If history repeats itself, is it because time is a circle rather than a line?

There is the impression that we are always moving forward. Maybe it is not quite as it seems. After all, the world is round, not linear. All planets are round too. There is night, there is day and then there is night again. There is Spring, Autumn, Summer, Spring. Empires have risen only to fall. Nothing goes on forever.

When we say that history repeats itself what we usually mean is that a similar political pattern is emerging now that emerged fifty or a hundred years ago. Could it also be a similar social pattern, that life is like the seasons, changing only to return to some beginning?

Sometimes I wonder whether we have seen the digital age before; only this time we have different tools.

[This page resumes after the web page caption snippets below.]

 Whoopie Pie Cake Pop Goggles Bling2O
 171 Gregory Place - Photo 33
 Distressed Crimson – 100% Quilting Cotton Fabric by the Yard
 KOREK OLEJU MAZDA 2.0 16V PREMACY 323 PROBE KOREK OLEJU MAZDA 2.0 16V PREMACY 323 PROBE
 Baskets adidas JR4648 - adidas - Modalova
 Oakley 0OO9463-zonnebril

I think of the way my parents, grandparents and neighbors worked on the land. The land was not a job that started at 9 and ended at 5. The more you wanted to own the land, the more the land owned you. Working the land was a way of life. I remember a neighbor once saying that they never wanted to take a holiday, because they simply wouldn’t know what to do if they did.

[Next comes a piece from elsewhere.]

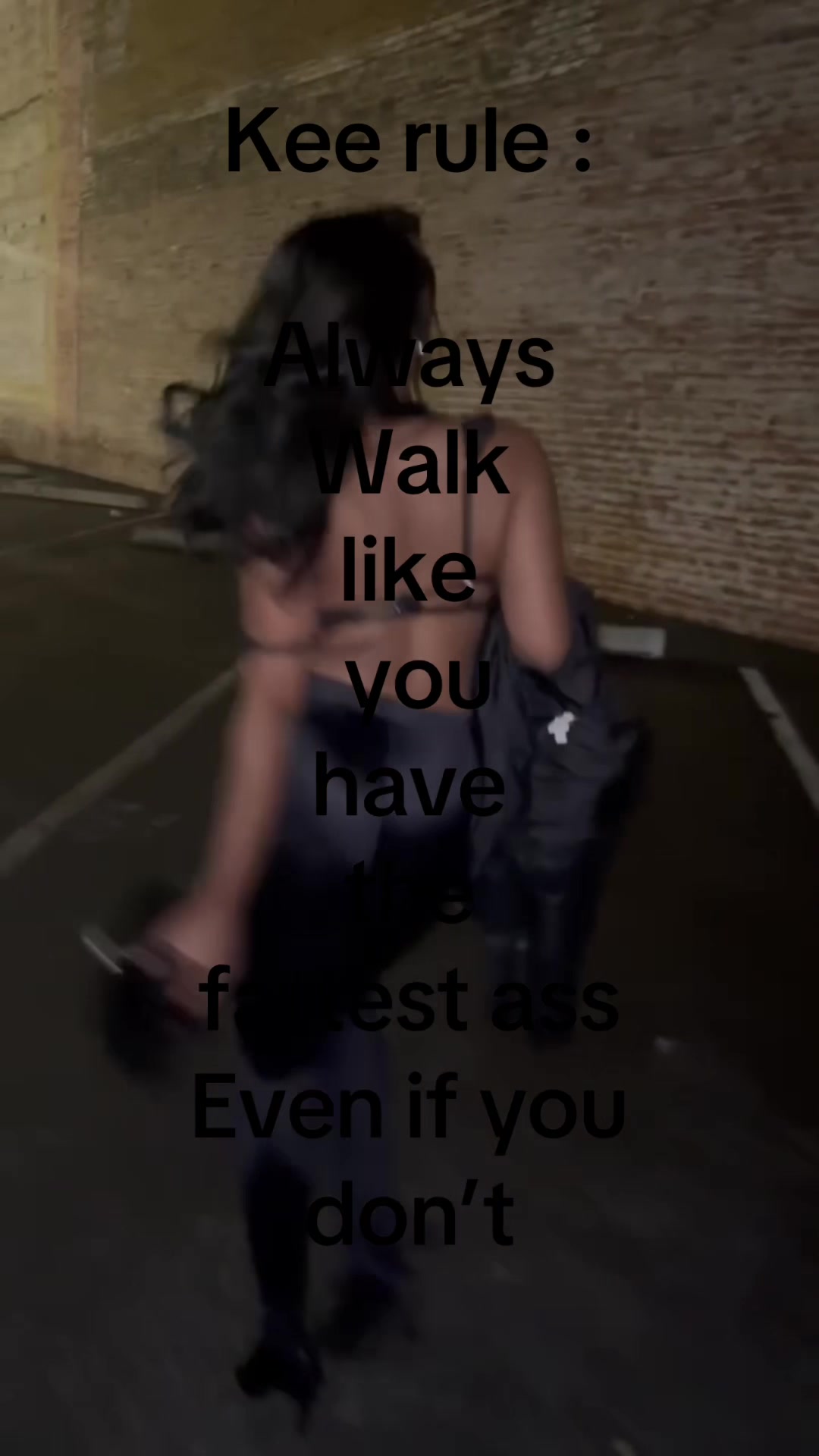 @keetailsss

To me, information is the land of the digital age. It requires constant tending. Working the information is a way of life. The more I want to own it, the more it seems to own me. The more I know of it, the more it sucks me in.

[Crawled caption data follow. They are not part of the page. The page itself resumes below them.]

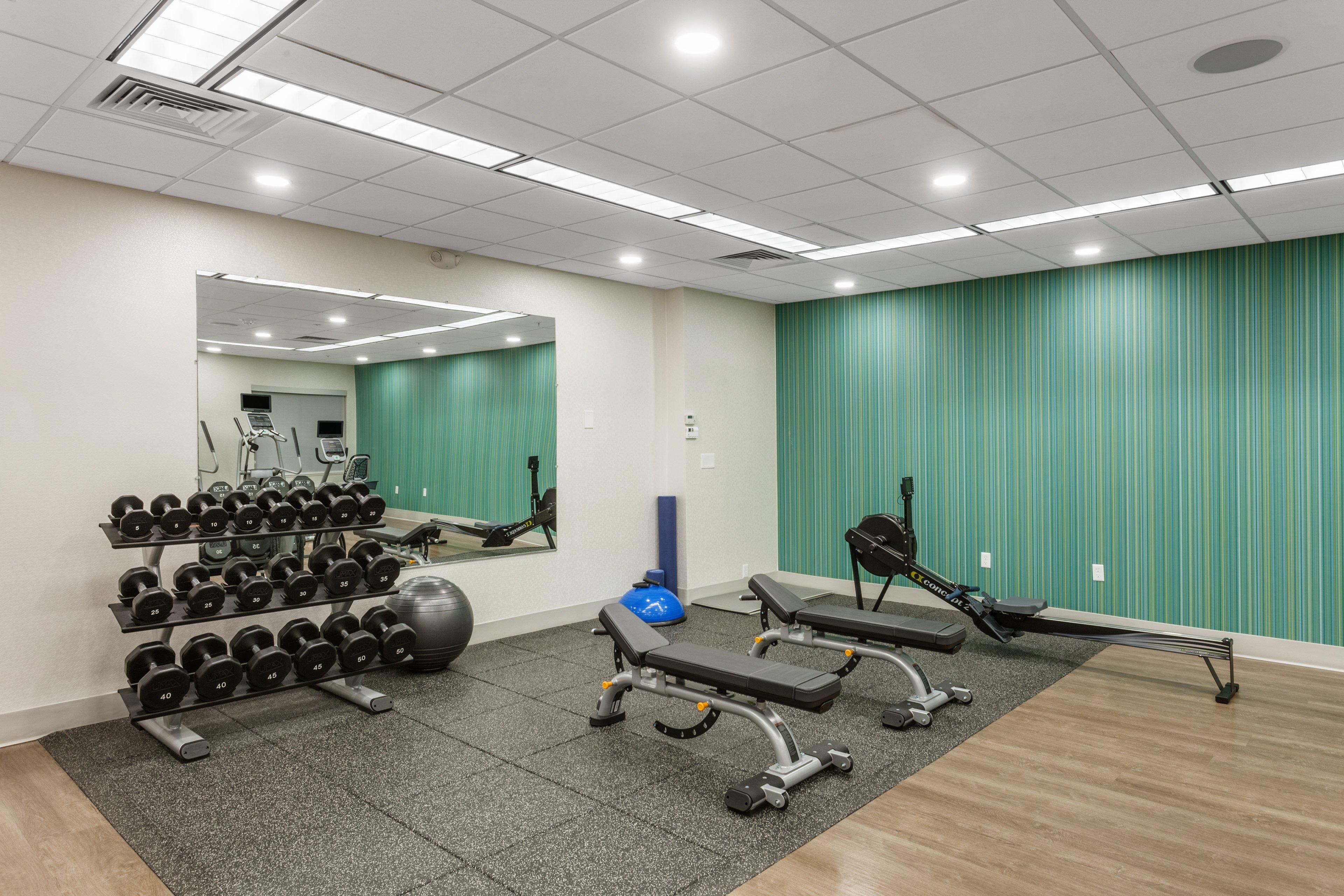 Holiday Inn Express Hotel & Suites Providence-Woonsocket By Ihg Dış mekan fotoğraf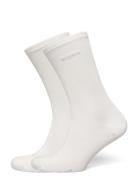 2P Rs Doubleb Ev W White BOSS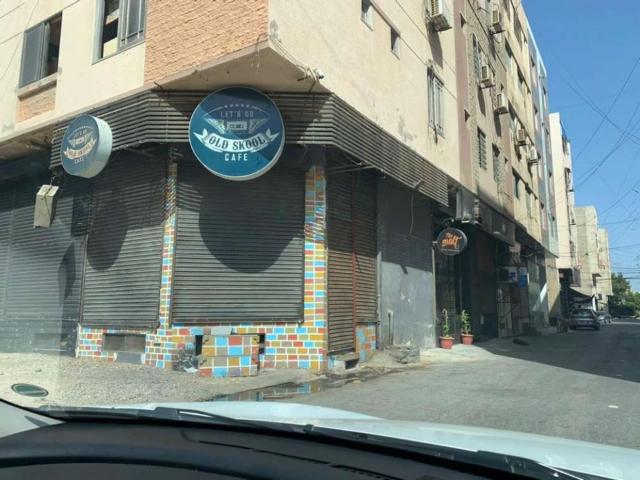 Commercial for rent in North Waziristan, Federally Administered Tribal Areas fata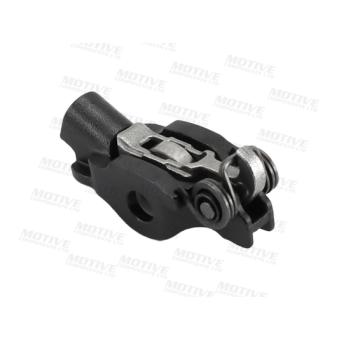 Culbuteur, distribution MOTIVE RA5081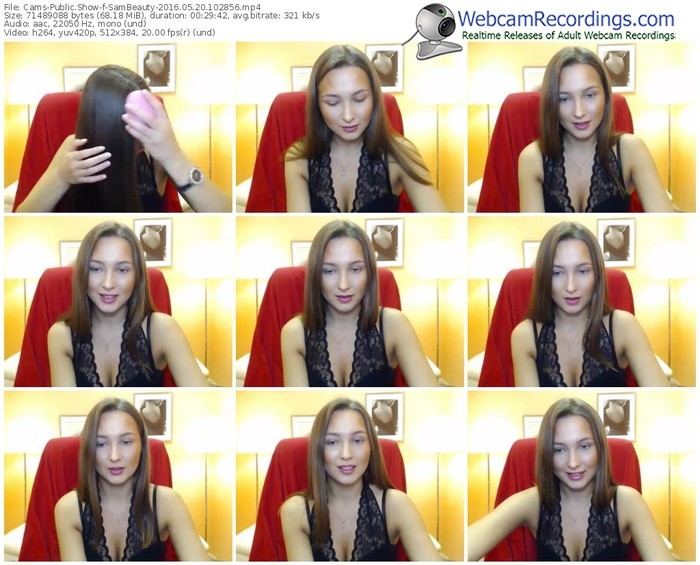 cams-sambeauty-webcam-show-05_20_2016-10_28_56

No farmer was ever finished their work. You milked the cows in the morning, delivered the milk to the creamery, cleaned the byre out, washed the milk buckets and cans, fed the calves, sowed, tended or harvested some crop, repaired a gate, cleared out a ditch, began draining a field, worried about too much or too little rain, watched over the cow who was about to calve, and when you were about to do something else, you realized that it was time to go up for the cows again. The day began with light and ended with night.

The Industrial Age with its big machines that made machines that made things that made life easier, made the forty hour working week with the same precision it made a car or tractor. Work became a product. It was packaged, defined, became a unit of time. We saw work as something that happened in the workplace, and living something that happened at home or in the pub.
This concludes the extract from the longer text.